Wölfe ist ein Fernsehfilm aus der ARD-Krimireihe Polizeiruf 110. Der Film wurde vom Bayerischen Rundfunk produziert und wurde am Sonntag, den 11. September 2016 erstmals im Ersten ausgestrahlt. Es ist der elfte Fall des Münchner Polizeiruf-Ermittlers Hanns von Meuffels.

Handlung[Bearbeiten | Quelltext bearbeiten]

Kriminalhauptkommissar Hanns von Meuffels hat sich in seine Hamburger Kollegin Constanze Hermann verliebt, mit der er zuletzt einen Fall zusammen löste. Im Moment befindet sie sich im Urlaub. Constanze, die ein starkes Alkoholproblem hat und heimlich weiter trinkt, hat sich im Wellness-Center eines bayerischen Dorfs einquartiert, wo sie ihre Alkoholsucht zu bekämpfen sucht. Sie nimmt jedoch nur unwillig an den Gruppenterminen teil. Manchmal erscheint sie dazu auch gar nicht.

Auf der Suche nach einem Zigarettenautomaten, den es im Hotel nicht gibt, kommt Constanze ins Dorfgasthaus, wo sie mehrere Gläser Gin Tonic trinkt. Als sie sich nachts angetrunken und singend auf ihren Heimweg macht, begegnet ihr eine aufrechtgehende Wolfsgestalt mit leuchtenden, roten Augen.

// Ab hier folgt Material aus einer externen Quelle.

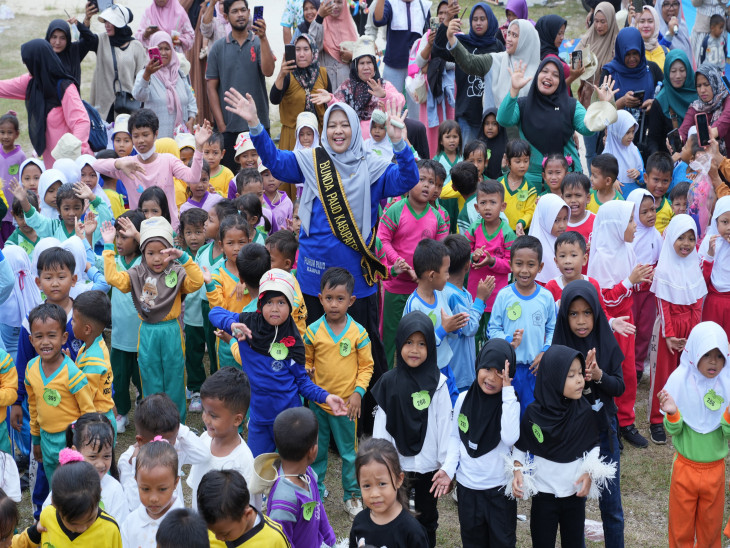 Bunda Paud Dan Forum Paud Kampar Gelar Senam Sehat Anak Indonesia Hebat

Sie glaubt eine Wahnvorstellung zu haben, stürzt in ihrer Panik und verliert ihr Handy. Am nächsten Morgen wird im Wald eine Angestellte des Hotels ermordet aufgefunden, deren Gesicht von Bissen entstellt ist. Von Meuffels übernimmt die Ermittlungen und bezieht Constanze mit ein. Bei der Obduktion des Opfers, bei der Wolfshaare gefunden werden, steht dem Gerichtsmediziner der Zoologe Dr. Wiesinger zur Seite. Er bewundert Constanzes analytische Fähigkeiten, bemerkt aber auch sofort, dass sie ein Alkoholproblem hat.

Constanze spricht mit von Meuffels über ihre Begegnung in der Nacht und sie sehen sich im Wald um. Noch immer hält sie das, was sie gesehen hat für ein Delirium, aber als sie ihr Handy am Waldweg wiederfindet, ist sie sich nicht mehr sicher. Nachdem auch noch zwei gerissene Schafe gefunden werden, ist sicher, dass sich ein Wolf in der Gegend umhertreiben muss.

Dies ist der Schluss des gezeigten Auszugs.